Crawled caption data
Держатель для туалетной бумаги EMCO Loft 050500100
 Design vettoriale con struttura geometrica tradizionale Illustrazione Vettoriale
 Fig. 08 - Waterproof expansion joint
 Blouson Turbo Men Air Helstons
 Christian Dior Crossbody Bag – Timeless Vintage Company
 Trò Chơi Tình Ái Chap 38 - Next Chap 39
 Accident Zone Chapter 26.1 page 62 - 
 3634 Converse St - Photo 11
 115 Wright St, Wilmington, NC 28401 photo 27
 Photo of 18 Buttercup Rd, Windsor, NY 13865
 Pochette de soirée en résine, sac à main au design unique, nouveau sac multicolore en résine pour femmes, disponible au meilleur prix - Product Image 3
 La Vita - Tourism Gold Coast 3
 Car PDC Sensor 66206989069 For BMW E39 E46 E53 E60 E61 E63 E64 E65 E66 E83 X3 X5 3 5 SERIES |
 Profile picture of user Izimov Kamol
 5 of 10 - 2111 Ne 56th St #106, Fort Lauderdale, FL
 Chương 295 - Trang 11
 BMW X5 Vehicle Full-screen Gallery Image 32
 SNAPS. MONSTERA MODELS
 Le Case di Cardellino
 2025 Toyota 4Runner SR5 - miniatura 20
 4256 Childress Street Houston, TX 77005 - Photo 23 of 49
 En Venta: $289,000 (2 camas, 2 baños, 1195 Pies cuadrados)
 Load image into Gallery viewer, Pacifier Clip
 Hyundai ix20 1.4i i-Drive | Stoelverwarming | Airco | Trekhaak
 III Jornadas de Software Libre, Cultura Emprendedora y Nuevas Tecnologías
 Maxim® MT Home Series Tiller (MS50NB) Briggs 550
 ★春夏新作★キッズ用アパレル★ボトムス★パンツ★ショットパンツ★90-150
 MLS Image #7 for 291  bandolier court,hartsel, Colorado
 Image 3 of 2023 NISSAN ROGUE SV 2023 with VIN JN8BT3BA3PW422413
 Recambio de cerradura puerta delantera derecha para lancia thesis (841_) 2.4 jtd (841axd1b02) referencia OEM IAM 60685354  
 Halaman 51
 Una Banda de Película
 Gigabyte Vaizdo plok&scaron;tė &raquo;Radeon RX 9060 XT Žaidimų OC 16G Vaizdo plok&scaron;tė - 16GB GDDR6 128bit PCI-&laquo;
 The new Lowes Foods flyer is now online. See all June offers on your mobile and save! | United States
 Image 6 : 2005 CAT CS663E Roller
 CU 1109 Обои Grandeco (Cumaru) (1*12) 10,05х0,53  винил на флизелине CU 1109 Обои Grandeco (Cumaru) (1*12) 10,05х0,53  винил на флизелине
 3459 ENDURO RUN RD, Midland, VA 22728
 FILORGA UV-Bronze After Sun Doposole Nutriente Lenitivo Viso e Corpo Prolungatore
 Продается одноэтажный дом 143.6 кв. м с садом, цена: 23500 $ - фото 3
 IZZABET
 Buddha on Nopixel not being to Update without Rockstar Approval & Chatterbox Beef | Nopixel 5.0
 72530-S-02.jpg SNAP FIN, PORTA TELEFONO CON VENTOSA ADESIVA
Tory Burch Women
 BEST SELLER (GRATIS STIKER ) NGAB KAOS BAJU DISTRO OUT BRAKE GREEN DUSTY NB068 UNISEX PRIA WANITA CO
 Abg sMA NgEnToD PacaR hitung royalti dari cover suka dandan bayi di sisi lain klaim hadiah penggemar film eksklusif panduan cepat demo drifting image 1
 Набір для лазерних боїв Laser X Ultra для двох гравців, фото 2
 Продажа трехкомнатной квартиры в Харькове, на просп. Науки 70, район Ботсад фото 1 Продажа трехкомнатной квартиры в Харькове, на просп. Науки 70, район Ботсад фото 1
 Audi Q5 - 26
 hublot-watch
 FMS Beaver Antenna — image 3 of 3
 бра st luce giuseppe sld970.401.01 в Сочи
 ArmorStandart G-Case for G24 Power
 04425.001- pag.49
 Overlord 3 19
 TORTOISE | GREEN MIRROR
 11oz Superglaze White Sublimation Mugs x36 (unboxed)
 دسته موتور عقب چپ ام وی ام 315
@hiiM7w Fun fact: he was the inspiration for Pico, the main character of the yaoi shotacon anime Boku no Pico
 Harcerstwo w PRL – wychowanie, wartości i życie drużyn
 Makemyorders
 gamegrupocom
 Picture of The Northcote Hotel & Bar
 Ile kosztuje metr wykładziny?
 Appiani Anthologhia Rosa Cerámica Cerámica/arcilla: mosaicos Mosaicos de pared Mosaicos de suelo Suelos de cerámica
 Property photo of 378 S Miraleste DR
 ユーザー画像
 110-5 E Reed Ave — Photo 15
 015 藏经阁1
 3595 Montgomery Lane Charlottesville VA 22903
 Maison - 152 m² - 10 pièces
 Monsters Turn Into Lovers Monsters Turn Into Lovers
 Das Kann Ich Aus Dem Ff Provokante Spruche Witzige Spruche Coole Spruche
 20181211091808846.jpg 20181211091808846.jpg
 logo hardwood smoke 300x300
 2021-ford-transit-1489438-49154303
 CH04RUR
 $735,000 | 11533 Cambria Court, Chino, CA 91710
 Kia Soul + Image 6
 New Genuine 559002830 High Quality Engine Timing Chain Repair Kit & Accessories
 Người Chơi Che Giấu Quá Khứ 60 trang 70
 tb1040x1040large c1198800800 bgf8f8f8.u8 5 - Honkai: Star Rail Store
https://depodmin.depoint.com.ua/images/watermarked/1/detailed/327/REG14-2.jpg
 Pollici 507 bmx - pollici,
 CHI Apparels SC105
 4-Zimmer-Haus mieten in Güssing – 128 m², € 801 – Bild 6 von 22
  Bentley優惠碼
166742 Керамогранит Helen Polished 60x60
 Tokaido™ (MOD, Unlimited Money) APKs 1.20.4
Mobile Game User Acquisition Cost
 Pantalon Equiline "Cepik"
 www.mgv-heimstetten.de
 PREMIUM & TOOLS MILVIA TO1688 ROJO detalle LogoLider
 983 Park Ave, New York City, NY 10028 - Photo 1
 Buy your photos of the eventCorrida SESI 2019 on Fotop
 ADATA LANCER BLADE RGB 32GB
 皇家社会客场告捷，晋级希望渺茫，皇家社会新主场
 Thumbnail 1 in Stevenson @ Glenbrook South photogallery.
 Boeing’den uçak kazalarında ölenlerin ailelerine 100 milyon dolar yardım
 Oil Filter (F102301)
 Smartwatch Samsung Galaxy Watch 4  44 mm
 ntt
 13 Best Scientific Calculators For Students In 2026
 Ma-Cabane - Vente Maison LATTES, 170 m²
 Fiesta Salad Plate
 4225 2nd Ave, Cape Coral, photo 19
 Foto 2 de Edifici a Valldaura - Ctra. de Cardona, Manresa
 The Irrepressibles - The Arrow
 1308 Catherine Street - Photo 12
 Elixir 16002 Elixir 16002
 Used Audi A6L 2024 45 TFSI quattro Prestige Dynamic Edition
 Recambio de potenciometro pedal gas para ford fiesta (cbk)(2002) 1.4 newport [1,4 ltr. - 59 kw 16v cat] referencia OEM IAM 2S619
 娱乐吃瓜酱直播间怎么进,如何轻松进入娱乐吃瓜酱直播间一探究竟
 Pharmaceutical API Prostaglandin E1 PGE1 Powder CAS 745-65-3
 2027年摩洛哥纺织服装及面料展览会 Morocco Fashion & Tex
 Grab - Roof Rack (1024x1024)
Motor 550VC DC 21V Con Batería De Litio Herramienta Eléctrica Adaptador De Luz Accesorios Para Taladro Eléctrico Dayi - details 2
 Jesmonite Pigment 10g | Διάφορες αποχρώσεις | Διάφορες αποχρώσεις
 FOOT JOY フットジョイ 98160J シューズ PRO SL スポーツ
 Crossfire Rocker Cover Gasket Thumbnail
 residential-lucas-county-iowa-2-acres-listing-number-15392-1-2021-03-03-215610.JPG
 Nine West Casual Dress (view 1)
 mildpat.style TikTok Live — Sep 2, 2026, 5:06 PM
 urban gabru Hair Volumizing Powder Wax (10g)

● **Aim of the exercise**: Of the entries listed above, reproduce only the lines starting at the line containing "Property photo of 378 S Miraleste DR" and ending at the line containing "Mobile Game User Acquisition Cost". Include both, exactly as they stand.

● **Task solution**:
 Property photo of 378 S Miraleste DR
 ユーザー画像
 110-5 E Reed Ave — Photo 15
 015 藏经阁1
 3595 Montgomery Lane Charlottesville VA 22903
 Maison - 152 m² - 10 pièces
 Monsters Turn Into Lovers Monsters Turn Into Lovers
 Das Kann Ich Aus Dem Ff Provokante Spruche Witzige Spruche Coole Spruche
 20181211091808846.jpg 20181211091808846.jpg
 logo hardwood smoke 300x300
 2021-ford-transit-1489438-49154303
 CH04RUR
 $735,000 | 11533 Cambria Court, Chino, CA 91710
 Kia Soul + Image 6
 New Genuine 559002830 High Quality Engine Timing Chain Repair Kit & Accessories
 Người Chơi Che Giấu Quá Khứ 60 trang 70
 tb1040x1040large c1198800800 bgf8f8f8.u8 5 - Honkai: Star Rail Store
https://depodmin.depoint.com.ua/images/watermarked/1/detailed/327/REG14-2.jpg
 Pollici 507 bmx - pollici,
 CHI Apparels SC105
 4-Zimmer-Haus mieten in Güssing – 128 m², € 801 – Bild 6 von 22
  Bentley優惠碼
166742 Керамогранит Helen Polished 60x60
 Tokaido™ (MOD, Unlimited Money) APKs 1.20.4
Mobile Game User Acquisition Cost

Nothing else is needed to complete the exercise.